(Records for processing begins)

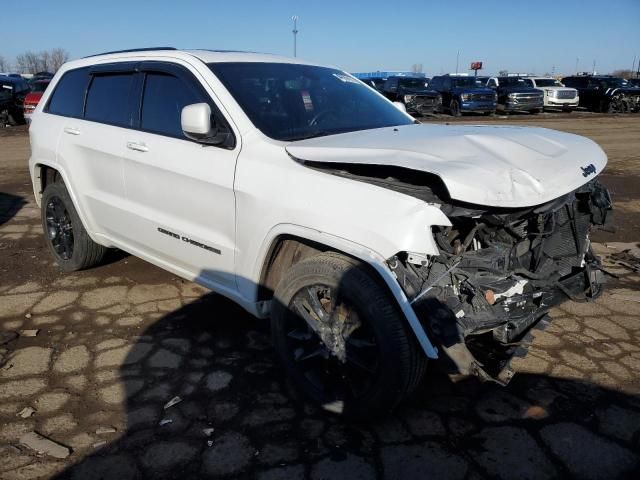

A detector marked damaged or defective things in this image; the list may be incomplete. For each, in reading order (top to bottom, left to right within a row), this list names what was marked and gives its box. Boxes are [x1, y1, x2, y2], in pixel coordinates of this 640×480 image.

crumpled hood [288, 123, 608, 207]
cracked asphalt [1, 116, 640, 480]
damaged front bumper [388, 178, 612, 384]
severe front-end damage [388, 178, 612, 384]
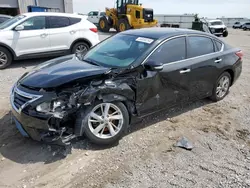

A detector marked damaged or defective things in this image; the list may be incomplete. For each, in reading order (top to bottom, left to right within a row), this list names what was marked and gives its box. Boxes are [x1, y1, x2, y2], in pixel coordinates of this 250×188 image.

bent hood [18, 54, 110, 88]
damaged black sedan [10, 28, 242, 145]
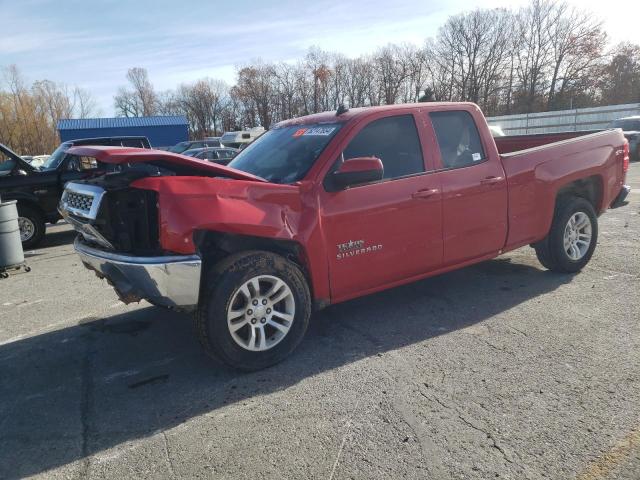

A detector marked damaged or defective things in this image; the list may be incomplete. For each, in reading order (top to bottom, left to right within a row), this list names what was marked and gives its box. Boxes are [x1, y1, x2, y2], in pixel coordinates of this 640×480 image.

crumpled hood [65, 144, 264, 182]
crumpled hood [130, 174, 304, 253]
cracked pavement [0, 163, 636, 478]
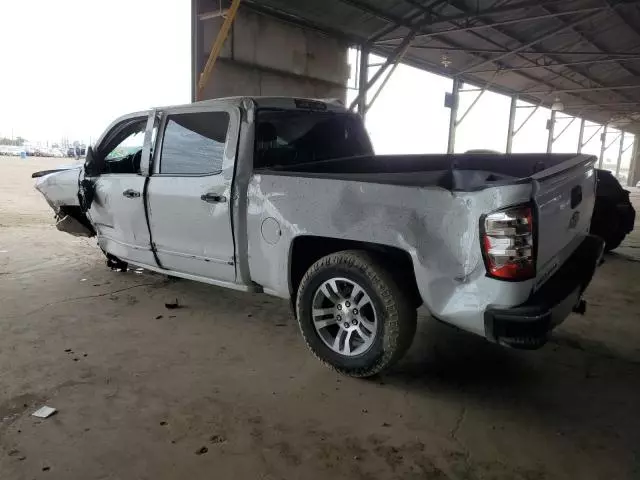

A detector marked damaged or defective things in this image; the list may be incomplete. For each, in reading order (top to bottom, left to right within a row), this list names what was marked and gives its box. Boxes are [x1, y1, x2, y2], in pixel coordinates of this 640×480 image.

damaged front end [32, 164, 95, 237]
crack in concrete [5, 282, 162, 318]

(Records for processing ends)

#### What to do:
Once the pictures are set aside, write out the entries verbatim.

#### Written reply:
A detector marked damaged or defective things in this image; the list may be incomplete. For each, in reading order (top to bottom, left to right within a row), this list names what was marked and gives its box. Boxes are [x1, y1, x2, y2], in pixel coordinates of this 640×480 image.

crumpled hood [288, 123, 608, 207]
cracked asphalt [1, 116, 640, 480]
damaged front bumper [388, 178, 612, 384]
severe front-end damage [388, 178, 612, 384]

A detector marked damaged or defective things in this image; the list may be incomplete. For each, in reading order (top to bottom, left to right within a row), this list names what was marked and gives its box. Boxes are [x1, y1, x2, y2], in pixel coordinates of this 250×188 image.

bent hood [18, 54, 110, 88]
damaged black sedan [10, 28, 242, 145]

A detector marked damaged or defective things in this image; the list may be incomplete. For each, in reading order (top to bottom, left to right within a row), this list names what was marked and gives its box. Boxes are [x1, y1, x2, y2], in pixel coordinates of this 640×480 image.

crumpled hood [65, 144, 264, 182]
crumpled hood [130, 174, 304, 253]
cracked pavement [0, 163, 636, 478]

A detector marked damaged or defective things in this image; the list may be incomplete. For each, in reading order (top to bottom, left to right within a row), this list names what was marked and gives its box. Boxes are [x1, y1, x2, y2], in pixel coordinates of this 640×480 image.

damaged front end [32, 164, 95, 237]
crack in concrete [5, 282, 162, 318]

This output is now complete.